**DATA SUPPLIED:**
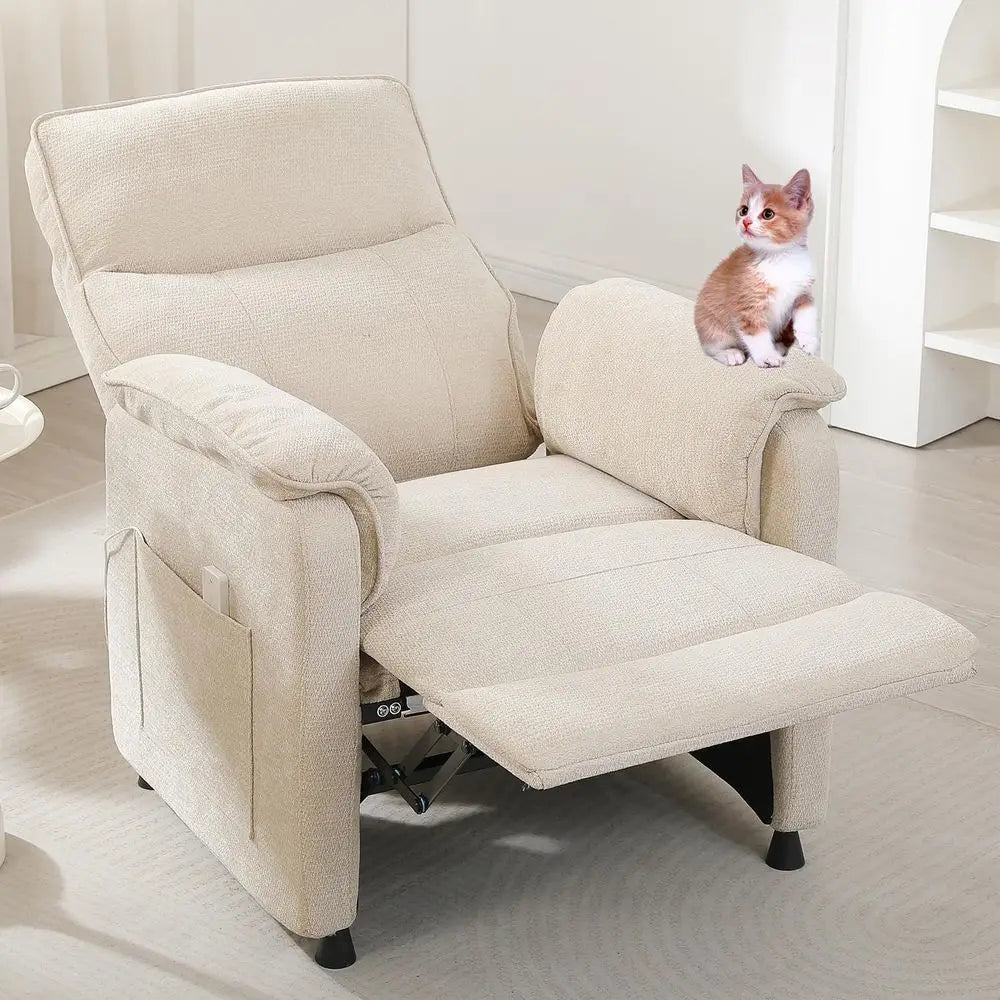 Compact Recliners for Tight Spaces: Adjustable Electric Chairs for Adults - Plush Chenille Recliner with Side Pockets and Remote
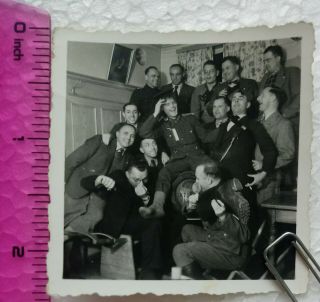 135 Ww2 Orig.  Photo German Soldiers Civilians Boots Joke Date 2.  5 X 2.  5 Inch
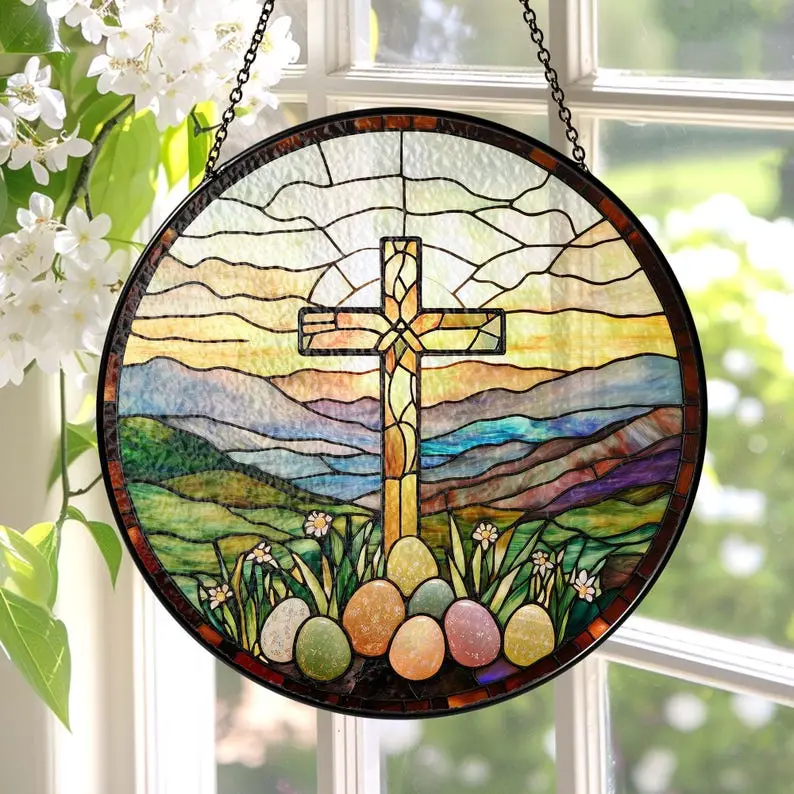 Easter Cross Christian Stain Glass Suncatcher, Easter Christian Stain Glass, Religious Easter Decoration, Christian Easter Egg Suncatcher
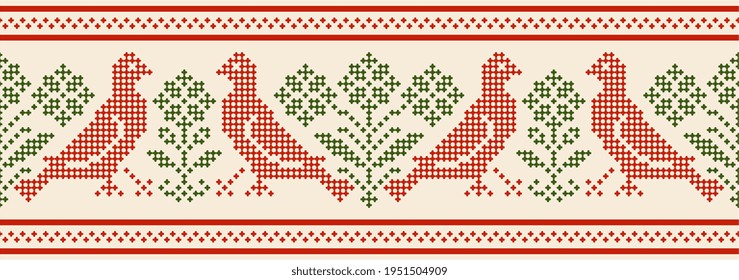 Vector seamless traditional folk cross stitch ornament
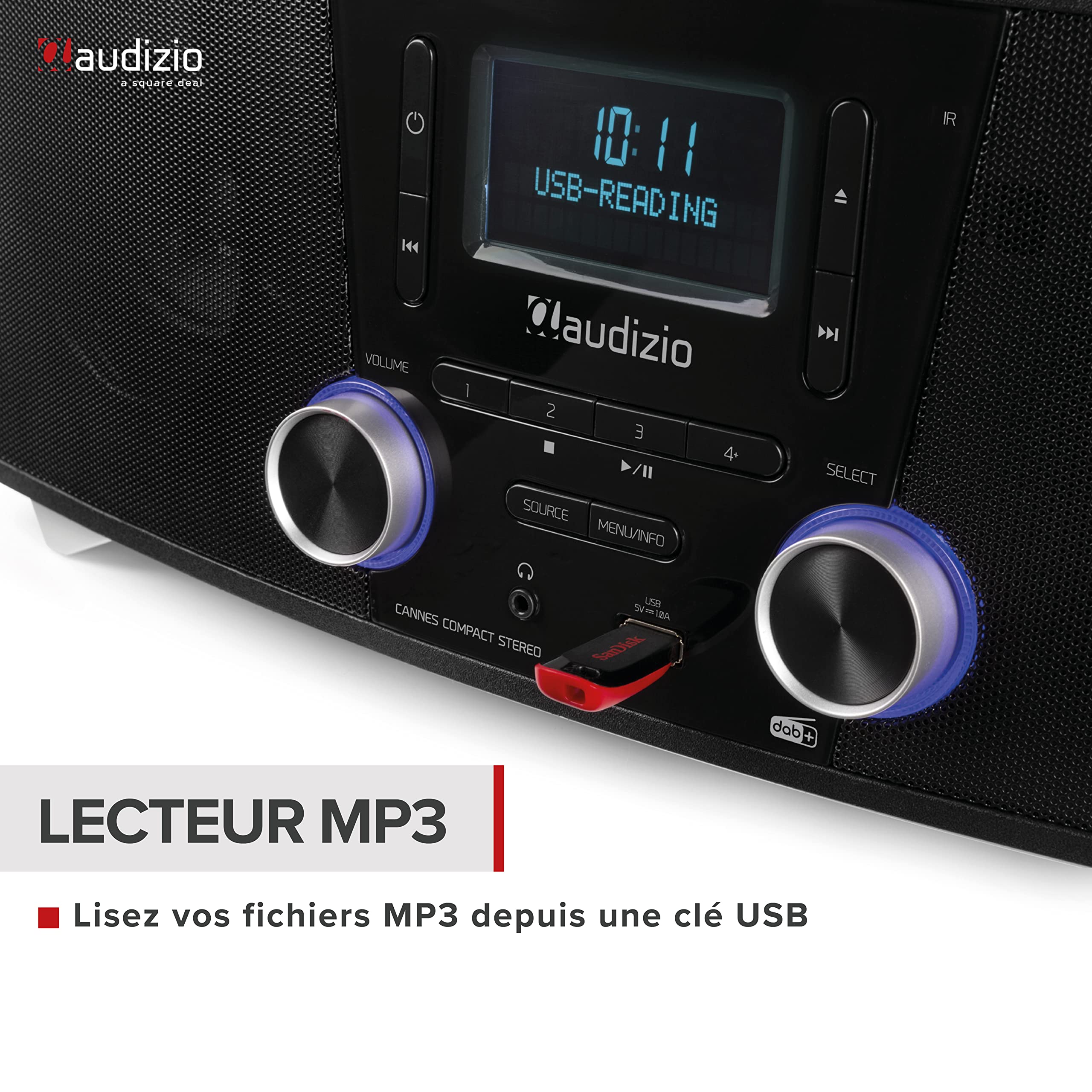 Audizio Cannes Radio Dab+ et FM, Bluetooth, Lecteur CD, Radio Réveil, Port USB, Haut-Parleurs Intégrés, Télécommande, Idéale pour Écouter la Radio et Votre Musique à la Maison
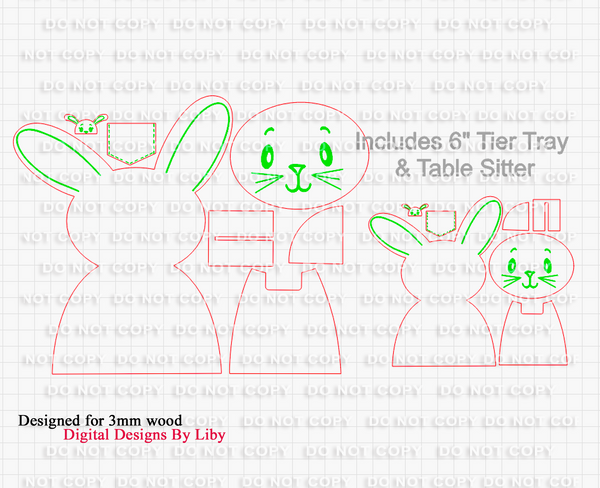 CARROT HOP BUNNY FAMILY Tier Tray & Shelf  Sitter 3D Layered Laser Cut Ready Vector Designs for Spring and Easter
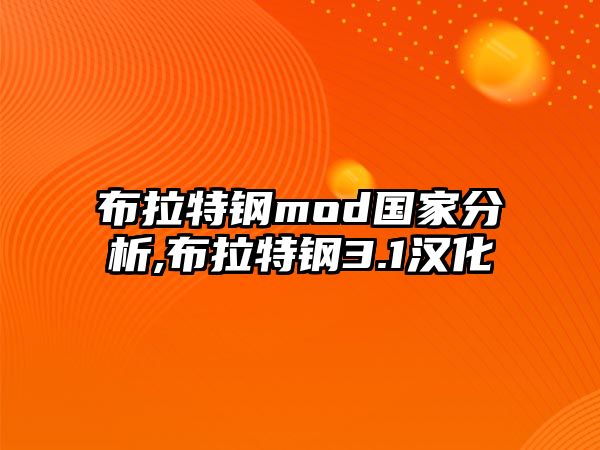 布拉特鋼mod國(guó)家分析,布拉特鋼3.1漢化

**PROMPT:** Output each line of the records exactly. Any picture is skipped.

**TASK RESPONSE:**
 Compact Recliners for Tight Spaces: Adjustable Electric Chairs for Adults - Plush Chenille Recliner with Side Pockets and Remote
 135 Ww2 Orig.  Photo German Soldiers Civilians Boots Joke Date 2.  5 X 2.  5 Inch
 Easter Cross Christian Stain Glass Suncatcher, Easter Christian Stain Glass, Religious Easter Decoration, Christian Easter Egg Suncatcher
 Vector seamless traditional folk cross stitch ornament
 Audizio Cannes Radio Dab+ et FM, Bluetooth, Lecteur CD, Radio Réveil, Port USB, Haut-Parleurs Intégrés, Télécommande, Idéale pour Écouter la Radio et Votre Musique à la Maison
 CARROT HOP BUNNY FAMILY Tier Tray & Shelf  Sitter 3D Layered Laser Cut Ready Vector Designs for Spring and Easter
 布拉特鋼mod國(guó)家分析,布拉特鋼3.1漢化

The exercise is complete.